_Work to be completed:_ Copy, pictures aside: the lines below from the one that holds "سینک تی اند دی مدل TD318E روکار" through the final line of the listing, both ends included, exactly as they are and nothing else.

_Material supplied:_
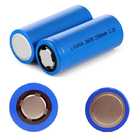 taux de décharge de la batterie LiFePO4 15C 20C 30C de 3.2V 2500mAh LFT 26650
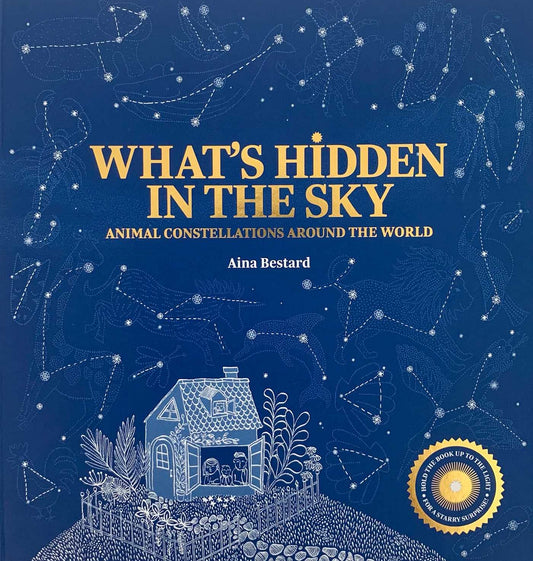 What's Hidden in the Sky: Animal Constellations Around the World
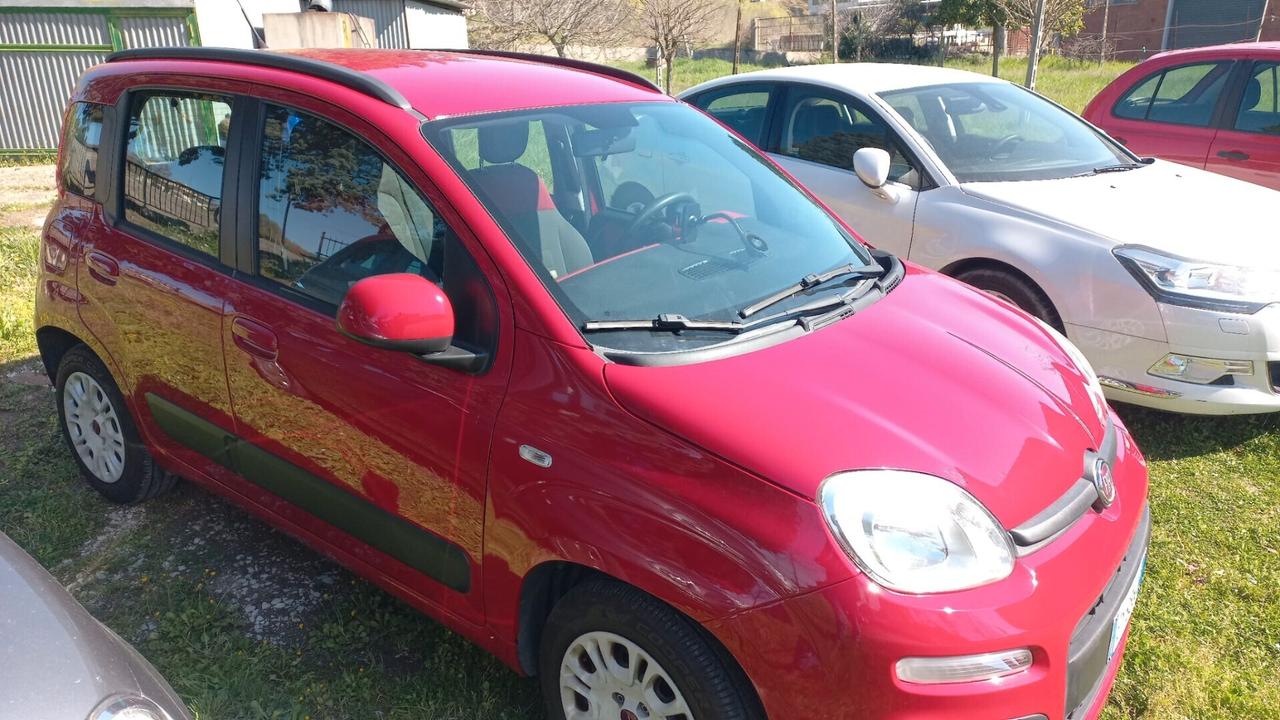 Fiat Panda 1.2 Lounge MESE DELLO SCONTO
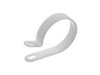 Picture of 1 1/2 Inch Natural Cable Clamp - 100 Pack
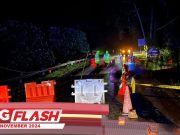 Tanah Runtuh, Jalan Gua Musang Jeli Ditutup #MGFlash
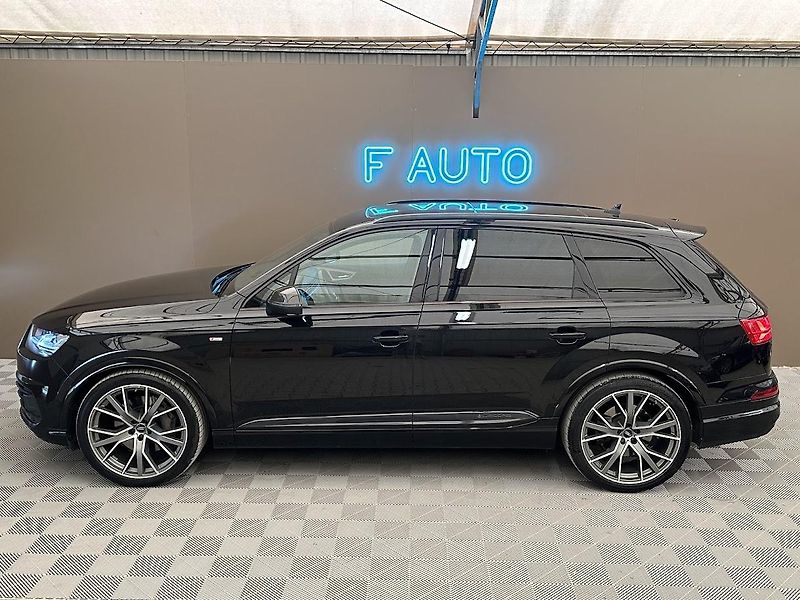 Audi Q7 (2018) 50TDI 7 míst MATRIX CZ  - fotka 5 z 33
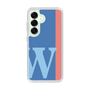 Slim Protection Case［ Original - initial color line - W blue ］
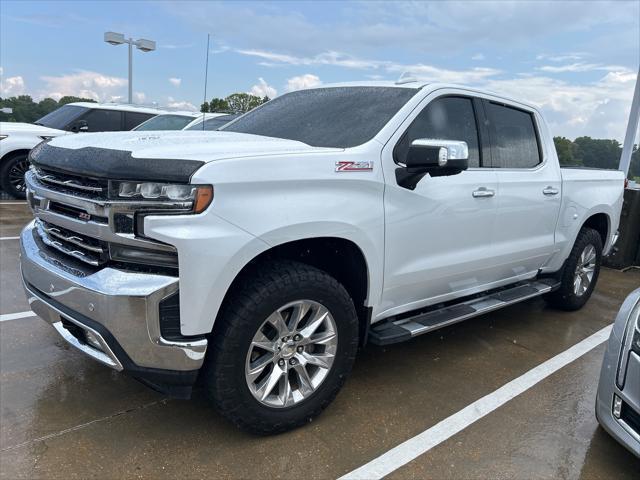used 2019 Chevrolet Silverado 1500 car, priced at $32,388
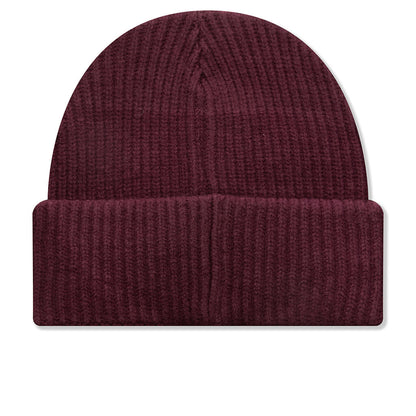 Honor Heavy Knit Beanie - Berry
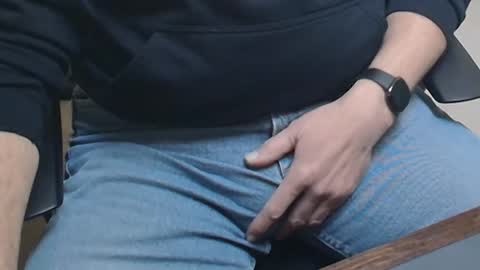 rockhardff online show from February 23, 2025, 8:33 pm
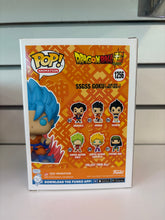 Funko Pop  SSGSS Goku (Kaio-Ken Times Twenty) (Glow in the Dark)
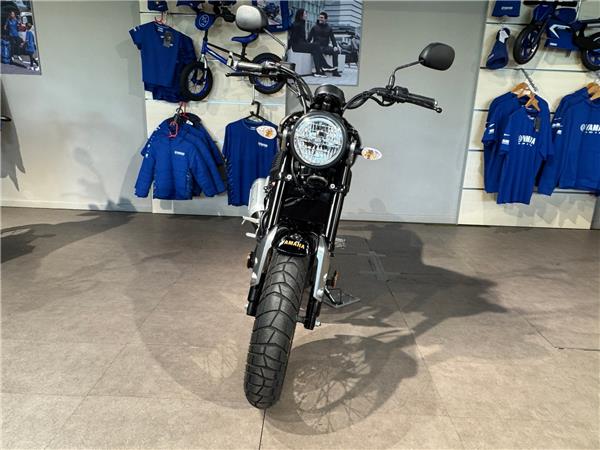 2023 YAMAHA XSR125 LEGACY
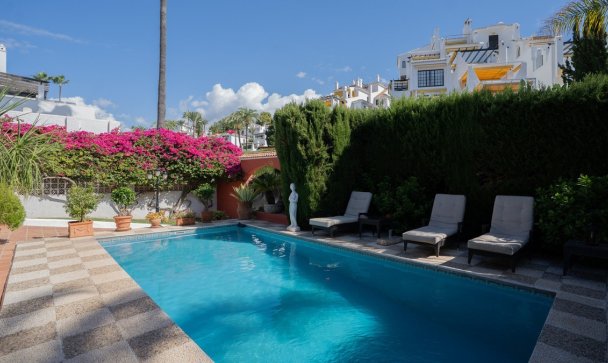 Villa - Rynek wtórny - Marbella - RSM-73287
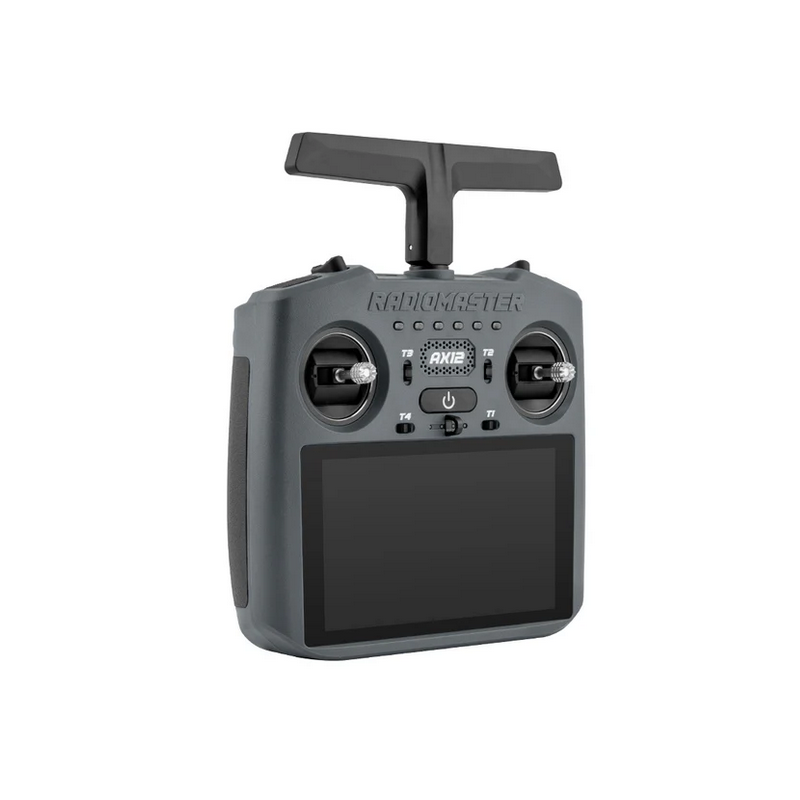 RadioMaster AX12 : Radio Android tactitile 5.5" & ELRS - FLASHRC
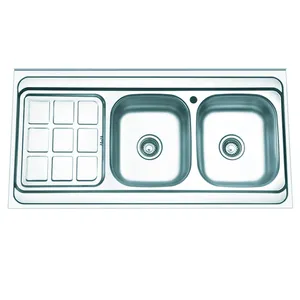 سینک تی اند دی مدل TD318E روکار
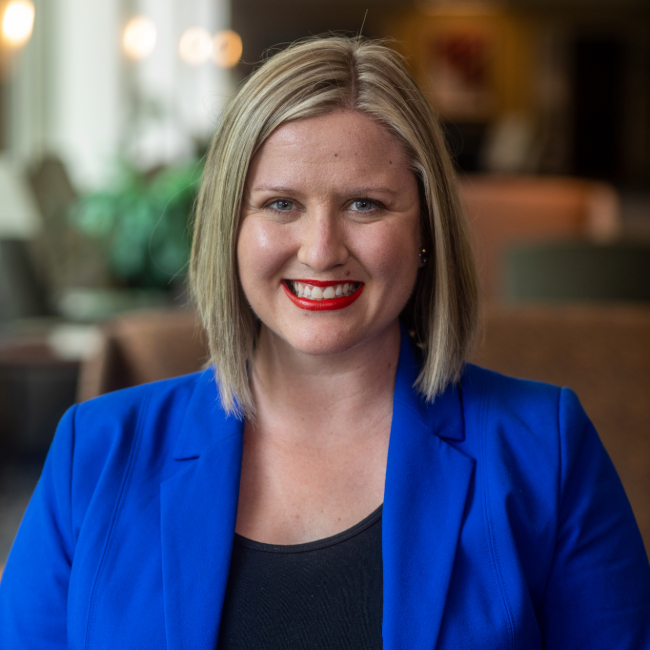 Ashley Borchardt MSN, RN, AHN-BC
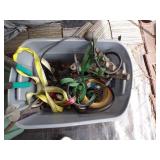 2 Totes of Misc Stuff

_Completed task:_
 سینک تی اند دی مدل TD318E روکار
 Ashley Borchardt MSN, RN, AHN-BC
 2 Totes of Misc Stuff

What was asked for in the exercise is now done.